Exercise:
Please write out exactly the lines of the data below from the line holding "Rolex 126300 41mm" through the line holding "England Premier Backpackers Inn", and leave out the rest.

Records supplied:
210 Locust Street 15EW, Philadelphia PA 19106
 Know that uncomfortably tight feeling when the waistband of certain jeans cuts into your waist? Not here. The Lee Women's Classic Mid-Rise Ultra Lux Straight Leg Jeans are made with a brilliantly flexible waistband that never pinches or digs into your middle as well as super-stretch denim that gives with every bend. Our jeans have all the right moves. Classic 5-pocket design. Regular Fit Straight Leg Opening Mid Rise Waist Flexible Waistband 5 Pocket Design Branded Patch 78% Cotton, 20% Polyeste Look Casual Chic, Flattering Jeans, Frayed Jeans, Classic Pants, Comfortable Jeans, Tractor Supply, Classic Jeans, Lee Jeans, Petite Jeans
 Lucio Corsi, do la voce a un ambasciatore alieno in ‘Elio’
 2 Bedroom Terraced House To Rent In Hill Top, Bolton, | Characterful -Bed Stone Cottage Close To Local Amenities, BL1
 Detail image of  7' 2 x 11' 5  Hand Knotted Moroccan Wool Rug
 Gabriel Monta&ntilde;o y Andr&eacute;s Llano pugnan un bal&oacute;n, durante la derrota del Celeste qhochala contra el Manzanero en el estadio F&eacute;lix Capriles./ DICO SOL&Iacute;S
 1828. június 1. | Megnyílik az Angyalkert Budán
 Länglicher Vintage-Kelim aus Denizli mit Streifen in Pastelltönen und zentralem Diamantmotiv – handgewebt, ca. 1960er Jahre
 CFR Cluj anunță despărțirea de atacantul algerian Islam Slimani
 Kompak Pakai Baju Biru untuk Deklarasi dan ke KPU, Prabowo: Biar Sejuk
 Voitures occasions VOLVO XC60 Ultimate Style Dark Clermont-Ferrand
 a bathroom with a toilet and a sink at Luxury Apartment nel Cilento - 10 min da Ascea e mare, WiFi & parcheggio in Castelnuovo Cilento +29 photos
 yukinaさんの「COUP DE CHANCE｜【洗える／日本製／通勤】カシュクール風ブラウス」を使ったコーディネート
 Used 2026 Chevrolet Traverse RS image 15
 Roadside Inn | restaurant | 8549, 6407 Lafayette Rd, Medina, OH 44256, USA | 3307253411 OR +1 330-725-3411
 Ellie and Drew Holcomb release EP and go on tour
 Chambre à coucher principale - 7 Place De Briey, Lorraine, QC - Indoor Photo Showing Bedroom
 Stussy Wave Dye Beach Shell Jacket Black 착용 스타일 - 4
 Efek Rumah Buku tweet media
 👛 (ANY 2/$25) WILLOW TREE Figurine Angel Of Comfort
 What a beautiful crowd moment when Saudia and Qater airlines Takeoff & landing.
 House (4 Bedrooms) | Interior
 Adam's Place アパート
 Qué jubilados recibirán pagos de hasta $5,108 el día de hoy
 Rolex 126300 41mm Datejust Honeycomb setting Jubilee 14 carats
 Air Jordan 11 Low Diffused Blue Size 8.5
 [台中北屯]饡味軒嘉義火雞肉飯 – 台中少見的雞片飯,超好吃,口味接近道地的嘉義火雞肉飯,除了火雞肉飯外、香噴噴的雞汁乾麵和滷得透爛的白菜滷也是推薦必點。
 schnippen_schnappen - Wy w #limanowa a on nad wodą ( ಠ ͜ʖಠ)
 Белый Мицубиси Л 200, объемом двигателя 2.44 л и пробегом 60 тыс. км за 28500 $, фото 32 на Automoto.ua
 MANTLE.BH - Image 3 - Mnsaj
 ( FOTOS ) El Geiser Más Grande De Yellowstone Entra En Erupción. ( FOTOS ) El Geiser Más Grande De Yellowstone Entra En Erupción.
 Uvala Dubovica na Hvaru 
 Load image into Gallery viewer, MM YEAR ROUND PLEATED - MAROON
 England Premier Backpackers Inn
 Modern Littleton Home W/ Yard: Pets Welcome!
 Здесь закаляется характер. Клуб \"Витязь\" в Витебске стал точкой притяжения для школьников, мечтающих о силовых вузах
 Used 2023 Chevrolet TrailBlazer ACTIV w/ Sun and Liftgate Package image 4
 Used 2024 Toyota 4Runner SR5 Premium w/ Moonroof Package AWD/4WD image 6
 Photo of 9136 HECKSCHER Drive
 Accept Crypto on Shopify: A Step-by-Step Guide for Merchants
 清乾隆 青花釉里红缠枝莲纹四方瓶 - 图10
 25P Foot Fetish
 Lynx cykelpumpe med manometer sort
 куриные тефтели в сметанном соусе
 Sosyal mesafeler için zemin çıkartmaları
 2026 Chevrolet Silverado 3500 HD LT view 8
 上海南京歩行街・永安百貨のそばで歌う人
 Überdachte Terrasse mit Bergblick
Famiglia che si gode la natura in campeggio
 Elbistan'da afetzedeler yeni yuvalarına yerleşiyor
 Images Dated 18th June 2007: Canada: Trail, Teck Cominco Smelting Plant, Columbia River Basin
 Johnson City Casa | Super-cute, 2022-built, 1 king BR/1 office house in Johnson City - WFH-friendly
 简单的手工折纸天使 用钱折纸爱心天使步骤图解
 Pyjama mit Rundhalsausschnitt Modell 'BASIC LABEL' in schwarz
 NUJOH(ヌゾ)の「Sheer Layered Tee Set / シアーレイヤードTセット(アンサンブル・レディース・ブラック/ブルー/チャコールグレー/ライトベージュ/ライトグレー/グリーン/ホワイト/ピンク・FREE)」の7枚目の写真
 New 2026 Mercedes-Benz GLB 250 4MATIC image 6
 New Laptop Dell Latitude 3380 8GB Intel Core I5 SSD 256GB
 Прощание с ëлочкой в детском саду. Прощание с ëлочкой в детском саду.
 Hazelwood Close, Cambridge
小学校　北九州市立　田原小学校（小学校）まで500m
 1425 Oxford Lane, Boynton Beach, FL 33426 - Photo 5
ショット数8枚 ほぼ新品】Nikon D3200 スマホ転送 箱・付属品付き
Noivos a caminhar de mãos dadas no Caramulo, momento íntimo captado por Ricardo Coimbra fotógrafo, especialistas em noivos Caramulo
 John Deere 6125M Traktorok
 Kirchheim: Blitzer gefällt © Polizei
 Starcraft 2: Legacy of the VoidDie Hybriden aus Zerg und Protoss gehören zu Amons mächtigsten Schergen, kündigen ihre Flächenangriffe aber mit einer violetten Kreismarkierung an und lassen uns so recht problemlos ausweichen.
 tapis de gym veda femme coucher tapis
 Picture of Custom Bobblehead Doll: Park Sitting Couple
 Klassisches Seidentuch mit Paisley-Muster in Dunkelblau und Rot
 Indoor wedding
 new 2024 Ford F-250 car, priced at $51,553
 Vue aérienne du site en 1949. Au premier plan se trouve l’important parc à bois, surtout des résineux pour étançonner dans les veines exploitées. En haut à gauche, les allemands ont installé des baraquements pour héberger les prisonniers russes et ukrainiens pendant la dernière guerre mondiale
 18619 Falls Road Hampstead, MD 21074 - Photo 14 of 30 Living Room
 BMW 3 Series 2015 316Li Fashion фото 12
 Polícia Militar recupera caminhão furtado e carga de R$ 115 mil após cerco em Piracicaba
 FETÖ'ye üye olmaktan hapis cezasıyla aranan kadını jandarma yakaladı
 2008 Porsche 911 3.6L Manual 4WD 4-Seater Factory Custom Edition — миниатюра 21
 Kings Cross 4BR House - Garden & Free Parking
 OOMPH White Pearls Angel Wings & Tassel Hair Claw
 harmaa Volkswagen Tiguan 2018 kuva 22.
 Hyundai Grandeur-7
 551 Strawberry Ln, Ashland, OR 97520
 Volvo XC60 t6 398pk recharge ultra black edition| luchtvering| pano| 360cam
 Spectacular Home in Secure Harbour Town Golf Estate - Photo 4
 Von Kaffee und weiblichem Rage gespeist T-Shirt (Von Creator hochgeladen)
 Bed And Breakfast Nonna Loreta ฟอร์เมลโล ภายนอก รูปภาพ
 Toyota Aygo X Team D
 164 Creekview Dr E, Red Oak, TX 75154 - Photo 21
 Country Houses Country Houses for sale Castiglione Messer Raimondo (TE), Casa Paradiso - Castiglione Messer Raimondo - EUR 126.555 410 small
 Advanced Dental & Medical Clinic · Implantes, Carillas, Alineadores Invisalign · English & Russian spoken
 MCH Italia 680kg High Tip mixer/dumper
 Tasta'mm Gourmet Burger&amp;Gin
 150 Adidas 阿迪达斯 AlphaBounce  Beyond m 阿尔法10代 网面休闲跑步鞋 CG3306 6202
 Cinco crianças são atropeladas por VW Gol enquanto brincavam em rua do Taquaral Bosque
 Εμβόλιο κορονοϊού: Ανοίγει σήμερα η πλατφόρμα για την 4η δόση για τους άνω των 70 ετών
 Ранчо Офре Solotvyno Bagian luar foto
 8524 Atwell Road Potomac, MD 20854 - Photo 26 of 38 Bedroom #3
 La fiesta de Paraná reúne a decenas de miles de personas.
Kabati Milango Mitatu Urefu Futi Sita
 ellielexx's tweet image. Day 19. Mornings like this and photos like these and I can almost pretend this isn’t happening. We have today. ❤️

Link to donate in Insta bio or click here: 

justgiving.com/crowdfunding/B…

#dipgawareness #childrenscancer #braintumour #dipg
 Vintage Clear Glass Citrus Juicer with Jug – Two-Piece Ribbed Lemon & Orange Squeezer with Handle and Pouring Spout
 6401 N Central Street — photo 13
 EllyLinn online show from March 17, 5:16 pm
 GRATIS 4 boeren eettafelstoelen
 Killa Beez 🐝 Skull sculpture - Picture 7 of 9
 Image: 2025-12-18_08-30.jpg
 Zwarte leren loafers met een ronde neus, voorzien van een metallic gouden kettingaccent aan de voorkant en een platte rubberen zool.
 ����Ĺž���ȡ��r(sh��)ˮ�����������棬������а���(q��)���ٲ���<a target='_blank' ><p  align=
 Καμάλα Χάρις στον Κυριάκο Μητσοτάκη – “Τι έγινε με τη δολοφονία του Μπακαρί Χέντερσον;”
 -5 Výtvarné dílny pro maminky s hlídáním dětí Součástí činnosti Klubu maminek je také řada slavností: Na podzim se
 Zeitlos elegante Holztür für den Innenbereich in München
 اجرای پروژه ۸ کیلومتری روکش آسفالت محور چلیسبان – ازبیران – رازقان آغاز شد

Answer box:
 Rolex 126300 41mm Datejust Honeycomb setting Jubilee 14 carats
 Air Jordan 11 Low Diffused Blue Size 8.5
 [台中北屯]饡味軒嘉義火雞肉飯 – 台中少見的雞片飯,超好吃,口味接近道地的嘉義火雞肉飯,除了火雞肉飯外、香噴噴的雞汁乾麵和滷得透爛的白菜滷也是推薦必點。
 schnippen_schnappen - Wy w #limanowa a on nad wodą ( ಠ ͜ʖಠ)
 Белый Мицубиси Л 200, объемом двигателя 2.44 л и пробегом 60 тыс. км за 28500 $, фото 32 на Automoto.ua
 MANTLE.BH - Image 3 - Mnsaj
 ( FOTOS ) El Geiser Más Grande De Yellowstone Entra En Erupción. ( FOTOS ) El Geiser Más Grande De Yellowstone Entra En Erupción.
 Uvala Dubovica na Hvaru 
 Load image into Gallery viewer, MM YEAR ROUND PLEATED - MAROON
 England Premier Backpackers Inn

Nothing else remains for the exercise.